Le Septième Continent (Der siebente Kontinent), 1989, est le premier film réalisé par Michael Haneke pour le cinéma, après ses années de formation à la télévision. Le cinéaste s’inspire d’une histoire vraie lue dans un magazine. Ce scénario lui permet d’expérimenter une approche nouvelle de la mise en scène. La structure et le mode de narration du Septième Continent reposent sur le principe de fragmentation, tant de l’image que du récit. Le film est divisé en trois parties, séparées de plusieurs mois entre elles. Les deux premières décrivent la routine quotidienne d’une famille de la classe moyenne. La dernière est consacrée à la destruction systématique par cette famille de ses biens et de son appartement, filmée avec la même distance glacée que les précédentes. En créant une tension extrême grâce à des cadrages très serrés, Haneke ne se contente pas de dénoncer l’aliénation de l’homme par le confort bourgeois et la possession d’objets.

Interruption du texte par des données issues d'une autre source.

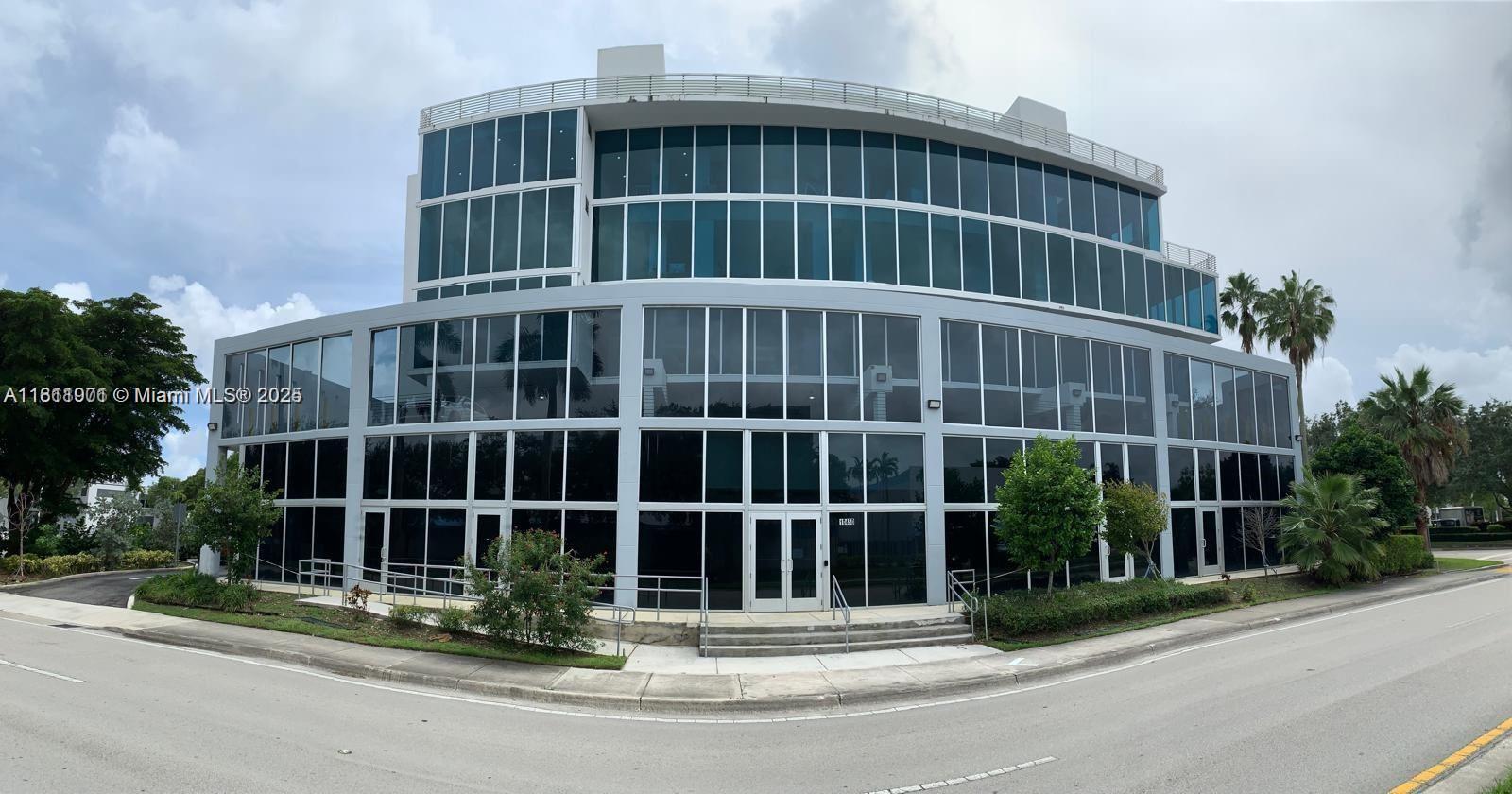 Location, Location, Location! Prime commercial space for sale in a highly strategic area of Miami (Doral), just minutes away from major highways, shopping centers, and residential communities. This open-concept property is a blank canvas, ready for its next owner to design to their preference. Situated on the first floor, it includes four dedicated parking spaces. The building is newly constructed, offering flexibility for various commercial uses such as medical spas, office spaces, and more.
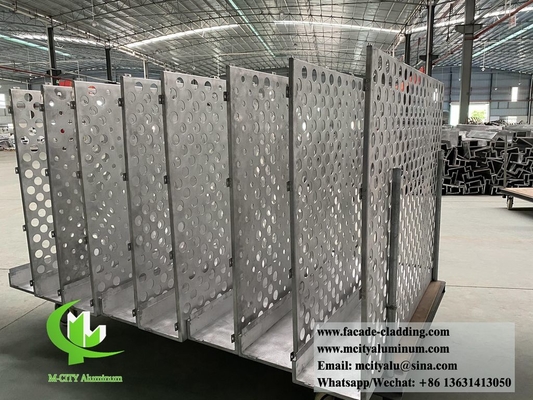 Metalen gevels op maat, aluminium bekleding met ronde gaten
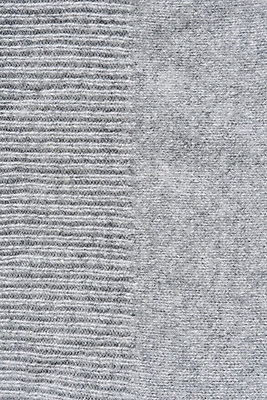 포토 JPG 스튜디오촬영 옷 백그라운드 겨울 재질 실내 따뜻함 근접촬영 사람없음 하이앵글 회색 직물 오브젝트 니트 질감 플랫레이 국내포토 계절 뷰포인트 컬러 상의 내부 플랫 파일형식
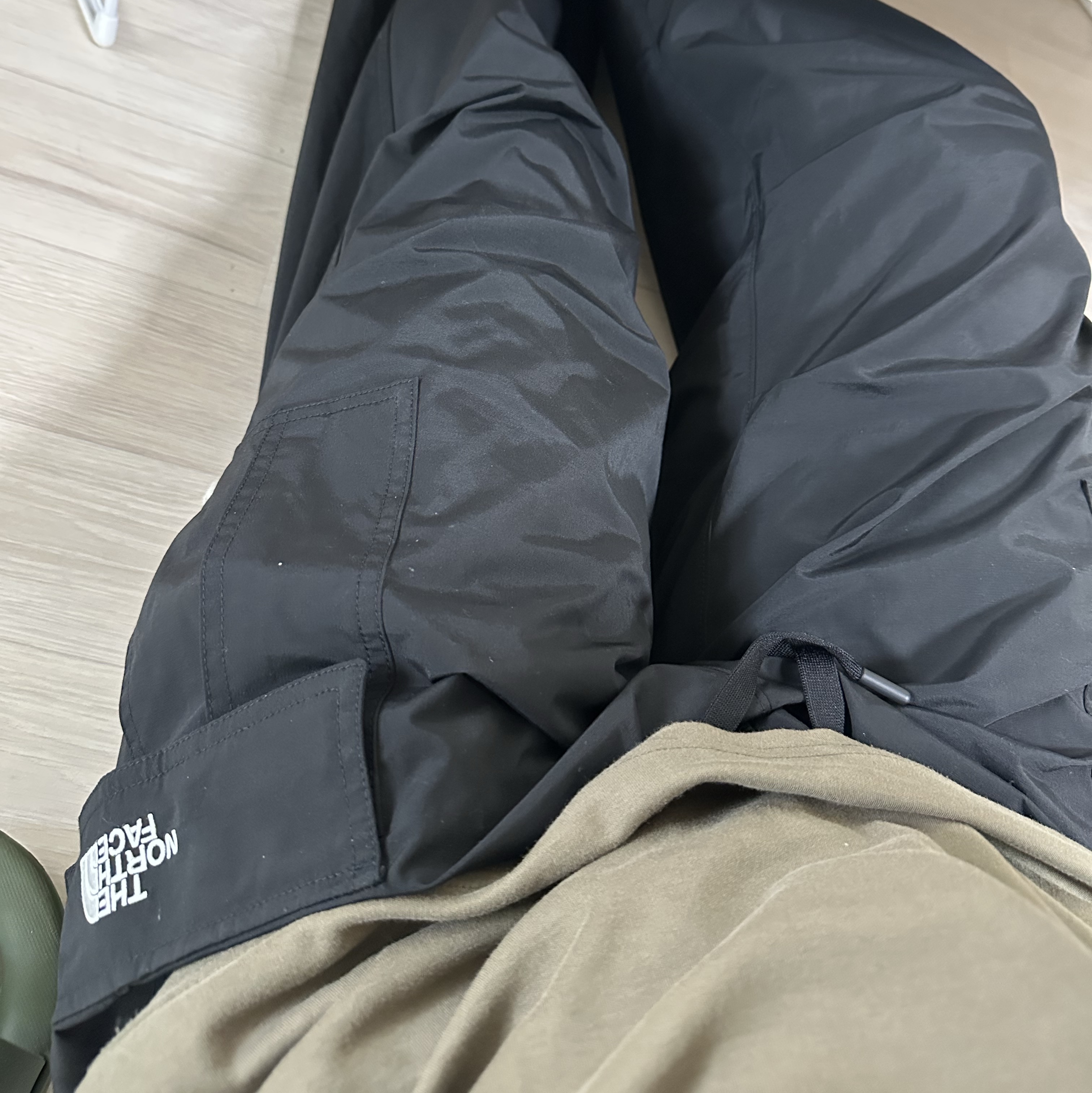 The North Face Hatch Parachute Pants Black - 25SS 착용 스타일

Il montre la « réification de la vie ».

 

Benny’s video, 1992, est le troisième film de cinéma de Michael Haneke, et vient clore sa trilogie de la « glaciation émotionnelle », appellation qui sera validée puis réfutée par le cinéaste autrichien. Benny’s video décrit l’intoxication à la violence d’un garçon de 14 ans qui collectionne les vidéocassettes et se retranche dans sa chambre, loin du monde réel. Son insensibilité le conduit à commettre un meurtre gratuit, enregistré par son installation audiovisuelle. Une fois de plus, Haneke s’inspire de faits-divers relayés dans les journaux, sur des adolescents meurtriers. Il s’intéresse à l’effacement de la frontière entre la réalité et sa représentation fictionnelle, la perte du moindre repère moral et à la « déréalisation du monde ». Le cinéaste refuse de participer à cette exploitation obscène de la violence qu’il dénonce et la filme hors-champ. C’est par le son, terrifiant, qu’il fait travailler l’imagination du spectateur.

 

Caché confirme en 2005 l’infiltration réussie de l’autrichien Michael Haneke dans le giron du cinéma d’auteur français. Il choisit deux vedettes populaires au sommet de leur talent, Daniel Auteuil et Juliette Binoche, et situe son histoire dans les milieux de la bourgeoisie intellectuelle parisienne. Le cinéaste ne renonce en rien à son style glacial et à sa charge morale, en se livrant à un véritable travail d’entomologiste de la culpabilité. Caché se présente comme un thriller psychologique. L’enquête déborde du cadre familial pour dévoiler le passé refoulé de la France coloniale. Il est tentant de considérer Caché comme un « giallo » franco-autrichien. La révélation progressive d’un trauma enfantin enfoui, des dessins enfantins effrayants, une menace invisible, un rasoir qui tranche une gorge, un geyser de sang… On reconnait les principaux motifs du chef-d’œuvre de Dario Argento, Les Frissons de l’angoisse. Il est pourtant difficile d’imaginer deux films plus différents.

 

A Calais, tandis que couve la crise des migrants, nous assistons à une série de catastrophes chez les Laurent, grande famille ayant fait fortune dans les travaux publics. Michael Haneke se livre à une critique implacable de la bourgeoisie, avec son manque d’amour et de communication, et son aveuglement. Happy End ausculte les secrets, les mensonges et les névroses de trois générations en pleine décadence. Haneke nous propose des tranches de vie découpées au scalpel, mises en scène avec sa rigueur glaciale habituelle. Son film correspond à une vision très personnelle, noire et grinçante, de la comédie de mœurs à la française. On a rarement l’occasion d’associer le mot « humour » à l’œuvre de Michael Haneke. Il n’est pourtant pas exclu que le cinéaste autrichien ait voulu nous faire rire en exposant les turpitudes de personnages aux cœurs secs en train de perdre pied, incapables de comprendre que leurs privilèges les étranglent.